**Source data:**
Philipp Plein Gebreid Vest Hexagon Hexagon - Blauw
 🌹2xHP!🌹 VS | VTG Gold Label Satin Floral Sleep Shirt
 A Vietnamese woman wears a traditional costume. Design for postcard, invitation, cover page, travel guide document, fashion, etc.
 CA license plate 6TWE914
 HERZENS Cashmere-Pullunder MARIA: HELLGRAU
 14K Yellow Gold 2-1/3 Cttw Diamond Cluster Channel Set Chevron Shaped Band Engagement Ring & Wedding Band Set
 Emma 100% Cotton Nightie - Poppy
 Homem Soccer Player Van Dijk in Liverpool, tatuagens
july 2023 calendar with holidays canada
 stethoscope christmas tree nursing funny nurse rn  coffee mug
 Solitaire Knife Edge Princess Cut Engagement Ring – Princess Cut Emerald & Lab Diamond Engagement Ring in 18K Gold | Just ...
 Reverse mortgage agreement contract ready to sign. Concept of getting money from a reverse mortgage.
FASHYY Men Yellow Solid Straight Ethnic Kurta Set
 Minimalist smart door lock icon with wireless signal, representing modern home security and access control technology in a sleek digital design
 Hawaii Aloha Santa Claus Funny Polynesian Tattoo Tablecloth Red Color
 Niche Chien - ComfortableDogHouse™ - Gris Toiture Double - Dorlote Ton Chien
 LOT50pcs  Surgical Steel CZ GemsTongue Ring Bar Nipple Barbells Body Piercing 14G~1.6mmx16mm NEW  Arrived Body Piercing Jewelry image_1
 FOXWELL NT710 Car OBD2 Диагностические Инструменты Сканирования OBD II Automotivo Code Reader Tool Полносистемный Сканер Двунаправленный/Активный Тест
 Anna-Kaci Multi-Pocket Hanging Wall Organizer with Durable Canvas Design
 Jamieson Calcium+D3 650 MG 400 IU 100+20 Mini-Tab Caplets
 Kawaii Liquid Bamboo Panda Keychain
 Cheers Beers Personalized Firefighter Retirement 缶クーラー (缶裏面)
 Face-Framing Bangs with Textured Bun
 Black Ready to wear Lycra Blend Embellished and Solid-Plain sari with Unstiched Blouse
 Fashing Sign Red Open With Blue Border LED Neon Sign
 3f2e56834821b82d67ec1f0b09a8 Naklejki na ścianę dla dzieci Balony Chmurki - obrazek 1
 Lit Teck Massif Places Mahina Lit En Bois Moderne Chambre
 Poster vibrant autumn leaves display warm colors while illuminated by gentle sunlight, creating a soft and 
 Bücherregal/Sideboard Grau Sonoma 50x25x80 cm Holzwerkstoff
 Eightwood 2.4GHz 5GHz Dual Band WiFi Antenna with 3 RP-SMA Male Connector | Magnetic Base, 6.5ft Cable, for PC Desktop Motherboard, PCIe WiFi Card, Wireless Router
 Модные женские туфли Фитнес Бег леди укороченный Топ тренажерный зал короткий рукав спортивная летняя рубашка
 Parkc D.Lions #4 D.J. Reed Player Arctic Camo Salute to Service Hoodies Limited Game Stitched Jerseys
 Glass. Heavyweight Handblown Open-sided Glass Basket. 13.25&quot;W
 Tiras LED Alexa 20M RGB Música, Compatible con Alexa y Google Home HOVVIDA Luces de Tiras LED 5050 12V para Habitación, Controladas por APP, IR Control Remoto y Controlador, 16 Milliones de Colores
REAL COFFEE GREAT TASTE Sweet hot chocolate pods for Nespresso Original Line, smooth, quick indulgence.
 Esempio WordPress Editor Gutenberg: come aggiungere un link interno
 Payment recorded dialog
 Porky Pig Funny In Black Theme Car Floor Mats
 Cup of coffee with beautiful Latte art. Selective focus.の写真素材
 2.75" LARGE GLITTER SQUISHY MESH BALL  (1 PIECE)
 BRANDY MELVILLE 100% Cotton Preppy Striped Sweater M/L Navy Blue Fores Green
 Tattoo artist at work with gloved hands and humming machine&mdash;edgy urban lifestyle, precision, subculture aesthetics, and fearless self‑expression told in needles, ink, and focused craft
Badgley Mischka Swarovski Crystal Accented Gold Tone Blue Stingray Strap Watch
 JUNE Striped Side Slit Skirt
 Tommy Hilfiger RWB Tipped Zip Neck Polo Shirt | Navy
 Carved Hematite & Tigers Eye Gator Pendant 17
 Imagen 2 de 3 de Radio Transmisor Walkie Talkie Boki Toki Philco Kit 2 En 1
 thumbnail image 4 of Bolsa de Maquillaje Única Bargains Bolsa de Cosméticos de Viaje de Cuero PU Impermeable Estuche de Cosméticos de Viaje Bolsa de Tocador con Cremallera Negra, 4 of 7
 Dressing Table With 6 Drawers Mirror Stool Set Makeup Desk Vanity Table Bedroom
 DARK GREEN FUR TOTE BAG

**Exercise requirements:**
Give the number of lines in the listing that include the word "Yellow", without any added words.

**Written answer:**
2